Macher Monchi und der fordernde Lopetegui

Konstrukteure des heterogenen, aber bestens funktionierenden Sevilla-Gebildes sind - natürlich - ein Rückkehrer und ein Aussortierter. Der in der gesamten Branche hoch angesehene Sportdirektor Monchi verließ den Klub nach 20 Jahren im Jahr 2017 Richtung AS Rom und kam 2019 zurück. Coach seines Vertrauens ist Julen Lopetegui, den Monchi als "sehr fordernden Trainer" kennengelernt hat, wie er im kicker verriet. Nach seinem kuriosen Abschied von der spanischen Nationalmannschaft und seinem anschließenden Amtsantritt bei Real Madrid zur Saison 2018/19 wurde er von den Königlichen Ende Oktober schon wieder entlassen. Seit Sommer 2019 hat er in Sevilla das Sagen.

So gerne man Hymnen auch hört in Sevilla, die der Champions League wird man diese Saison nicht mehr zu Ohren bekommen.

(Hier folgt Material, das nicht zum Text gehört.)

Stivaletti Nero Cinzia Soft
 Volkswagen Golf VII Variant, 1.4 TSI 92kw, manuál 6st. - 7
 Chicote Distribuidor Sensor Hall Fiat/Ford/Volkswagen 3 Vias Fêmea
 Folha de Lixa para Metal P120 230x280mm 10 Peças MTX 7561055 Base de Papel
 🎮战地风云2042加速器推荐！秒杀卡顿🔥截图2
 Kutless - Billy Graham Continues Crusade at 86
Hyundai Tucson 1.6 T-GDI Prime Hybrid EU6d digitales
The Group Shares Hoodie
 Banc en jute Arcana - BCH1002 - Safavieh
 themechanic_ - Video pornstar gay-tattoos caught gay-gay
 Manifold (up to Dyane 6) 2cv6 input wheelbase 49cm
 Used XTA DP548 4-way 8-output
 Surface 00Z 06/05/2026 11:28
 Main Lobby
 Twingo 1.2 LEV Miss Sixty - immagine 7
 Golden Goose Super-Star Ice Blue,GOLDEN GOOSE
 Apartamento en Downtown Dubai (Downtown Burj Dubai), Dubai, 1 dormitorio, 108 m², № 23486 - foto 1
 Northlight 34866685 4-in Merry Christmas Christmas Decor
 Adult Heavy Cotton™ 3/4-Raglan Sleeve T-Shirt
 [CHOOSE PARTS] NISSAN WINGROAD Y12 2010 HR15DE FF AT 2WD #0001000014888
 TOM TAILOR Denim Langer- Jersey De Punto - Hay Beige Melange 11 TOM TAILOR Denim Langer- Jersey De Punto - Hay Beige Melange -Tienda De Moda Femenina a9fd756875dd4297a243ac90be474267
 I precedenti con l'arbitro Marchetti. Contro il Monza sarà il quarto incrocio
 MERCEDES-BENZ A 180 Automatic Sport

In Salzburg verloren die immer noch stark verletzungsgebeutelten Andalusier das Entscheidungsspiel mit 0:1, landeten deshalb auf Rang drei. 

Doch natürlich geht nicht nur in Sevilla das Gerücht um, das sei blanke Absicht gewesen. Schließlich spielen die Rot-Weißen nun in der Europa League weiter. Und das ist ja mal wirklich eine ganz alte Leier.